The London firm, currently enjoying surging popularity, has launched a new version of the Italia for 2011 with a completely different shape, but still keeps it crucially a penny below four figures with this SRAM Apex build.
The Italia is made in Italy from Deda 7003 aluminium and the most striking aspect is the swooping flattened top tube, whose arc continues in the chainstays. This is paired with an oversized down tube and standard round-gauge seat tube. The rear brake cable routes internally through the top tube, which gives it a clean look, and the minimalist, arty graphics accentuate the effect. On the practical side, the frame has mudguard eyes and rear rack mounts. Condor says the arched top tube is not just for aesthetics – it allows a D-lock to be mounted inside the main triangle.
SRAM’s new budget Apex groupset has a super-wide range of gears beyond anything offered by its Japanese and Italian rivals. SRAM has reworked the compact chainset using a system already successful in its mtb components to give the Apex 10-speed cassette a spread of gears from 11 to 32 teeth. Still keeping the standard 50/34 at the front, Apex is actually the first road groupset to offer these ratios. The shifters use the same Double Tap mechanism as the more expensive groupsets.
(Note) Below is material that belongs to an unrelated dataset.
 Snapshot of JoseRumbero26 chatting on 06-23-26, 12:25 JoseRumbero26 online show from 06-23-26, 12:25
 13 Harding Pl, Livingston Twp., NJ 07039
The wheels are made for Condor by Italian track component specialist Miche, and the finishing kit is also Condor-branded and made by the usual Italian names (Selle San Marco, Deda).
Upright and at ‘em
Apex does not offer long-reach calipers – surely an oversight – so because the Italia has proper mudguard clearance, Condor has fitted its own-brand solution. The other deviation is the cheaper non-series SRAM S100 2.2 chainset and splined BB.
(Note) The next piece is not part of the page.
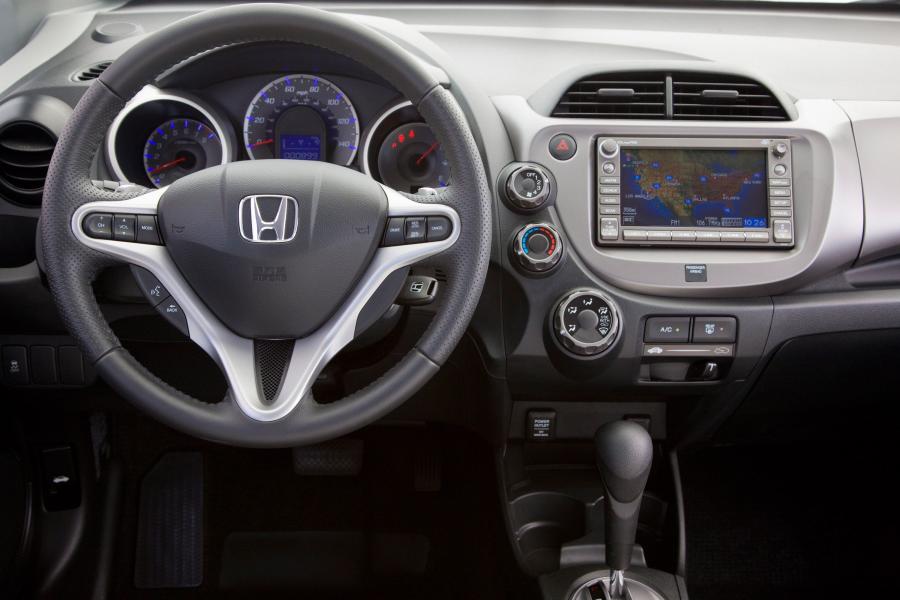  Honda Fit 2010 года  (фото 3 из 24)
The Condor has the tallest head tube on test at 17.5cm, giving a more upright position than the others. This gives a good clue as to the sort of riding the Italia might be best put to – commuting and more leisurely riding – getting round a sportive comfortably rather than setting the fastest time.
The Apex groupset by the same token was launched to kill off the triple chainset offered by Shimano on its entry level bikes. Although SRAM points out that the likes of Alexandre Vinokourov used Apex to climb Monte Zoncolan in the Giro d’Italia, the reality is that such a spread of gears is going to mean bigger jumps between the ratios, and more serious riders generally prefer closer ratios to keep cadence as even as possible.
It’s not particularly light but the Condor rides extremely well. It’s stable, predictable, comfortable and easy to like. This winter, with mudguards fitted, it has been the bike we’ve gone to and in a bike test that’s telling.